┌────────

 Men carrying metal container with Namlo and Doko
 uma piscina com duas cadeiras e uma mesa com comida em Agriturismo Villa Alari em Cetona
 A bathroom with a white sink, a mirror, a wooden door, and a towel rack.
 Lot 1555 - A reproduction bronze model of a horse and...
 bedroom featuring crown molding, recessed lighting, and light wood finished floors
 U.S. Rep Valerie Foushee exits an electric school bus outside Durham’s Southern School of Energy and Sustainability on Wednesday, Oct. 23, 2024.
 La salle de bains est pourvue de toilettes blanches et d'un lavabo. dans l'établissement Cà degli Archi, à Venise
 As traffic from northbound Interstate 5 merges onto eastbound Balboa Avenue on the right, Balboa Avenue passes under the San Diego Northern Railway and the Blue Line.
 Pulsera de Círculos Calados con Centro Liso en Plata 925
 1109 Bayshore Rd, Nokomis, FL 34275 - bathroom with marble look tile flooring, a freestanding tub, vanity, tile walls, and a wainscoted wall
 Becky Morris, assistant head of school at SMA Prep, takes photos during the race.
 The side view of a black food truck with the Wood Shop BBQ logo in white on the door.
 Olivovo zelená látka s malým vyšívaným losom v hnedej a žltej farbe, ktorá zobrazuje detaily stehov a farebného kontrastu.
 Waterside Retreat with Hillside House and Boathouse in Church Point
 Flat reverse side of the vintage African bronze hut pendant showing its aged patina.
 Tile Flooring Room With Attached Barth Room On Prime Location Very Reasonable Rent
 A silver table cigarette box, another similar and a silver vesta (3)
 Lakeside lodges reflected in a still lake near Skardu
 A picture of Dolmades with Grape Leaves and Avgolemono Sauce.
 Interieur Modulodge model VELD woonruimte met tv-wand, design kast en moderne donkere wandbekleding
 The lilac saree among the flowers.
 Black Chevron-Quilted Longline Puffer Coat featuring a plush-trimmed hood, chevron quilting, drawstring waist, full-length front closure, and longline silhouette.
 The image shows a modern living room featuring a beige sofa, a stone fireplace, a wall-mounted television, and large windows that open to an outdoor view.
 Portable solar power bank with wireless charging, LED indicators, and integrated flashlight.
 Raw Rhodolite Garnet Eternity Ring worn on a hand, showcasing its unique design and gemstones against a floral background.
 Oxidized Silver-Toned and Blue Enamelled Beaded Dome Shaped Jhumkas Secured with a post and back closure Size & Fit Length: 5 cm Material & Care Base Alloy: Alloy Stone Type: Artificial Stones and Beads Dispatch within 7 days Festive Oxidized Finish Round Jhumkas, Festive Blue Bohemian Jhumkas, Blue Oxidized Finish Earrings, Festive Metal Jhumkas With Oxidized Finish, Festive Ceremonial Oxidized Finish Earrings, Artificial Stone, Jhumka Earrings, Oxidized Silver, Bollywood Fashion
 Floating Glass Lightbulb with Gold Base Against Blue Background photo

└────────

What you should do:
Could you output all of the records above exactly as given?

Expected output:
 Men carrying metal container with Namlo and Doko
 uma piscina com duas cadeiras e uma mesa com comida em Agriturismo Villa Alari em Cetona
 A bathroom with a white sink, a mirror, a wooden door, and a towel rack.
 Lot 1555 - A reproduction bronze model of a horse and...
 bedroom featuring crown molding, recessed lighting, and light wood finished floors
 U.S. Rep Valerie Foushee exits an electric school bus outside Durham’s Southern School of Energy and Sustainability on Wednesday, Oct. 23, 2024.
 La salle de bains est pourvue de toilettes blanches et d'un lavabo. dans l'établissement Cà degli Archi, à Venise
 As traffic from northbound Interstate 5 merges onto eastbound Balboa Avenue on the right, Balboa Avenue passes under the San Diego Northern Railway and the Blue Line.
 Pulsera de Círculos Calados con Centro Liso en Plata 925
 1109 Bayshore Rd, Nokomis, FL 34275 - bathroom with marble look tile flooring, a freestanding tub, vanity, tile walls, and a wainscoted wall
 Becky Morris, assistant head of school at SMA Prep, takes photos during the race.
 The side view of a black food truck with the Wood Shop BBQ logo in white on the door.
 Olivovo zelená látka s malým vyšívaným losom v hnedej a žltej farbe, ktorá zobrazuje detaily stehov a farebného kontrastu.
 Waterside Retreat with Hillside House and Boathouse in Church Point
 Flat reverse side of the vintage African bronze hut pendant showing its aged patina.
 Tile Flooring Room With Attached Barth Room On Prime Location Very Reasonable Rent
 A silver table cigarette box, another similar and a silver vesta (3)
 Lakeside lodges reflected in a still lake near Skardu
 A picture of Dolmades with Grape Leaves and Avgolemono Sauce.
 Interieur Modulodge model VELD woonruimte met tv-wand, design kast en moderne donkere wandbekleding
 The lilac saree among the flowers.
 Black Chevron-Quilted Longline Puffer Coat featuring a plush-trimmed hood, chevron quilting, drawstring waist, full-length front closure, and longline silhouette.
 The image shows a modern living room featuring a beige sofa, a stone fireplace, a wall-mounted television, and large windows that open to an outdoor view.
 Portable solar power bank with wireless charging, LED indicators, and integrated flashlight.
 Raw Rhodolite Garnet Eternity Ring worn on a hand, showcasing its unique design and gemstones against a floral background.
 Oxidized Silver-Toned and Blue Enamelled Beaded Dome Shaped Jhumkas Secured with a post and back closure Size & Fit Length: 5 cm Material & Care Base Alloy: Alloy Stone Type: Artificial Stones and Beads Dispatch within 7 days Festive Oxidized Finish Round Jhumkas, Festive Blue Bohemian Jhumkas, Blue Oxidized Finish Earrings, Festive Metal Jhumkas With Oxidized Finish, Festive Ceremonial Oxidized Finish Earrings, Artificial Stone, Jhumka Earrings, Oxidized Silver, Bollywood Fashion
 Floating Glass Lightbulb with Gold Base Against Blue Background photo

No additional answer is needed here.